Cada vez hay más personas en una situación parecida a estos mayores. No sólo hay más mayores, sino que cada vez se interesan más por Internet. Obviamente, si de entrada, Internet les rechaza (bueno, Internet no, pero sí ciertos diseñadores web) ellos tienden a no querer ver más un ordenador en su vida.

Sin embargo, si consiguen llegar a la información que andaban buscando, si la experiencia ha sido positiva, tras la clase es frecuente que le hagan a uno la pregunta “¿cuánto puede valer un ordenador con Internet? ¿cuál me recomienda?”.

Los jubilados, además de tiempo libre, tienen más dificultades para desplazarse de un lado a otro. Internet les puede ayudar a ocupar una parte de ese tiempo libre y evitarles algunos engorrosos desplazamientos.

Pero para ello, los primeros minutos en la red son claves. Deben ver Internet como a un amigo, no como un enemigo. Conseguirlo está en vuestras manos.

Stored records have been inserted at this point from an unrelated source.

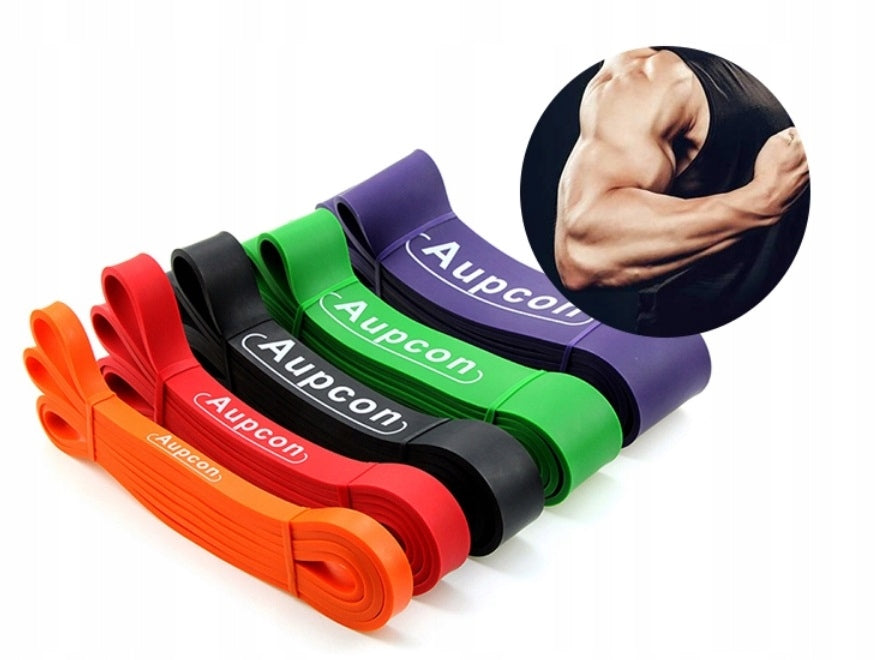 Set of 5 RESISTANCE RUBBERS FOR EXERCISES in a CROSSFIT bag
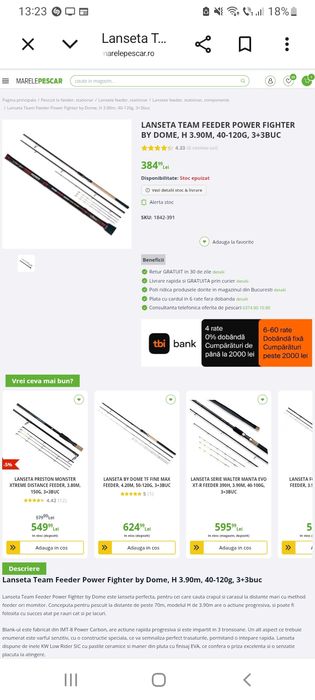 Lansete by dome team feeder power fighter pro 3.90 și mulinete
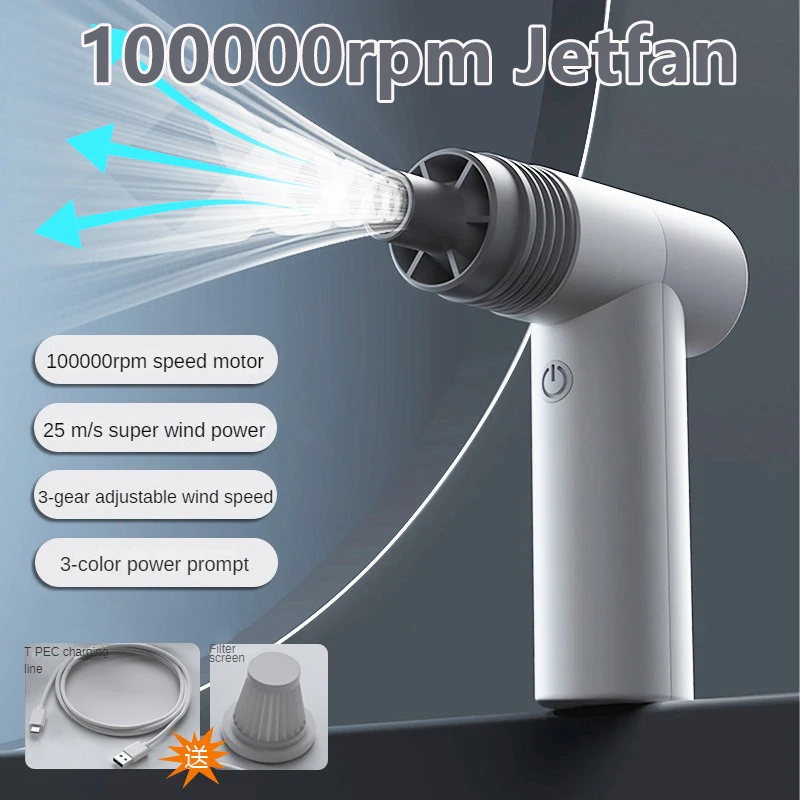 

100000 об/мин Jetfan USB Перезаряжаемый ручной вентилятор портативный мини-Турбовентилятор воздуходувка Многофункциональный уличный Кемпинг мощный вентилятор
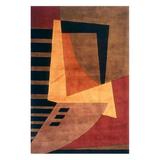 Momeni New Wave Hand Tufted New Zealand Wool Contemporary Geometric Area Rug Red 8 X 11 Latex Free Polyester Geometric 0.25 - 0.5 inch Washable 8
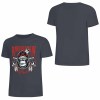 Dark gray pure cotton short-sleeved T-shirt with "AMERICAN LEGEND" gorilla graphic print, summer fashion.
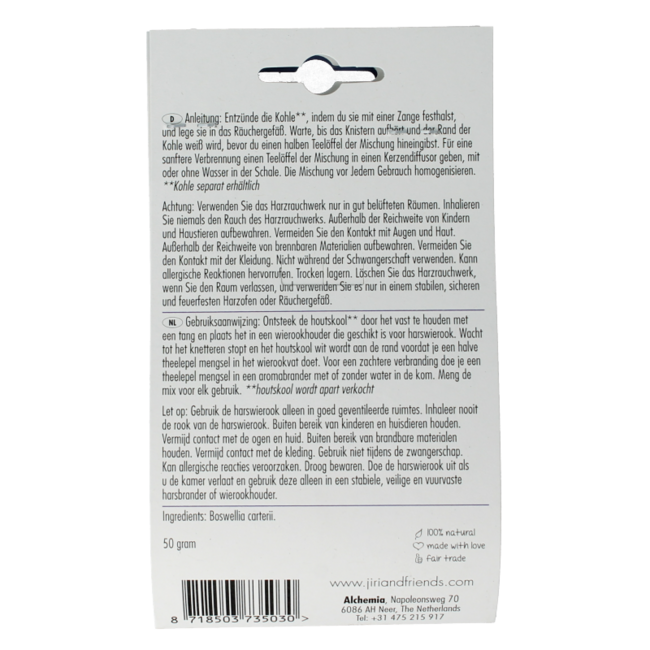 Jiri & Friends Frankincense Olibanum Resin Incense 50g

Pensad también en ellos cuando diseñéis o puede que ellos terminen haciéndolo en vosotros… y en vuestros familiares más cercanos.

Un comentario en “Usabilidad básica del ordenador y personas mayores”

  1. JORGE

    ARTÍCULO Usabilidad básica del ordenador y personas mayores
    por Juan Carlos García, 20 de Enero de 2005

    Felicidades bien enfocado.
    Hola soy ingeniero técnico en telecomunicaciones y trabajo en telemedicina y últimamente estoy trabajando en un proyecto en el se utiliza Internet móvil (wap) para la cumplimentación de test médicos por pacientes geriátricos.